Radio Rentals closing all stores in South Australia
South Australian retailer Radio Rentals will close its 12 bricks-and-mortar stores and e-commerce site over the next two months due to difficult trading conditions.
The 61-year-old business, which is not connected to the Radio Rentals chain owned and operated by the Thorn Group, blamed the closure on difficult trading conditions in the sector, and the rise of disruptive players in the consumer electronics retail and rental space.
“This has resulted in significant performance decline despite the best efforts of everyone to reinvigorate the business,” Nick Palmer, Radio Rentals’ managing director, said in a statement.

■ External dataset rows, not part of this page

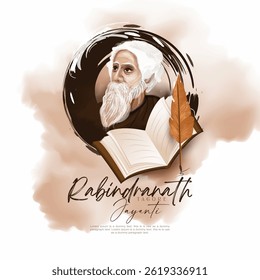 Illustration of Rabindranath Tagore Jayanti, creative tricolour background of Tagore Jayanti, vintage background with vector book and kalam 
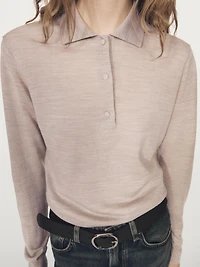 Wool knit polo sweater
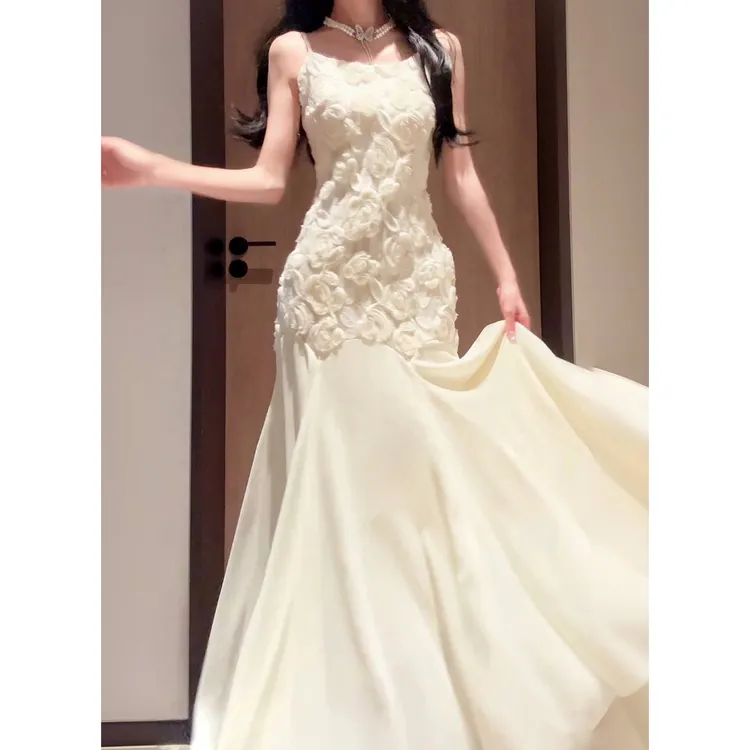 GJFDGood Job【织花台】法式刺绣立体玫瑰吊带裙轻奢气质包臀鱼尾裙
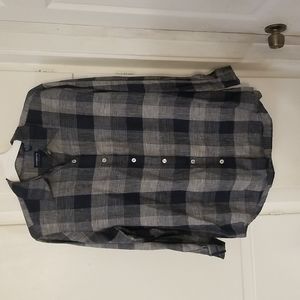 Liz Claiborne, LizSport  100% linen plaid shirt in medium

The closure reportedly will impact 100 employees. Radio Rentals said employees will receive their full entitlements, and that it will support and counsel those impacted, and help them to find new jobs.
“Our success, as a South Australian family owned business was built around generations of wonderful employees, valued customers and business partners and a mission to make electrical and home appliances affordable and accessible to more and more homes and families,” Palmer said in a statement on the website.

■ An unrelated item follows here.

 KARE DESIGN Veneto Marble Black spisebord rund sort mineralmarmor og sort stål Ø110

Radio Rentals said the decision to close its retail operations was a difficult and emotional one, and only taken after careful consideration and pursuit of all other strategic options including a sale.
The retailer’s rental business, which is managed by inRent, will not be impacted the closure. Rental customers’ contracts with inRent remain valid, and they will continue to receive ongoing product servicing and upgrades.
Radio Rentals will keep its head office open to service rentals for the sale of ex-rental inventory. The stores and e-commerce site are expected to close around mid-June, with all retail stock to be cleared over this period.
Tim Luce, CEO of the Thorn Group, told theAustralian Financial Review that the closure of the South Australian chain did not have any direct implications for the 64 Radio Rentals and Rentlo Reinvented stores that are owned and operated by the Thorn Group.
The Thorn Group on April 1, 2019, announced it was conducting a strategic review of the business to protect and maximise shareholder value, including the consideration of alternative ownership. It expects to provide an update to shareholders of the conclusions of its review within the next few months.
The company this month also downgraded its profit guidance for the financial year ended March 31, 2019. Previous profit guidance provided in January of this year, indicating a loss in the order of $6 million, has been revised downward to $8 million, following increased arrears and write-offs in the consumer leasing business. The company does not expect to pay a final dividend to retain cash for balance sheet flexibility.
Thorn Group was fined $2 million last year after admitting to breaking national consumer laws.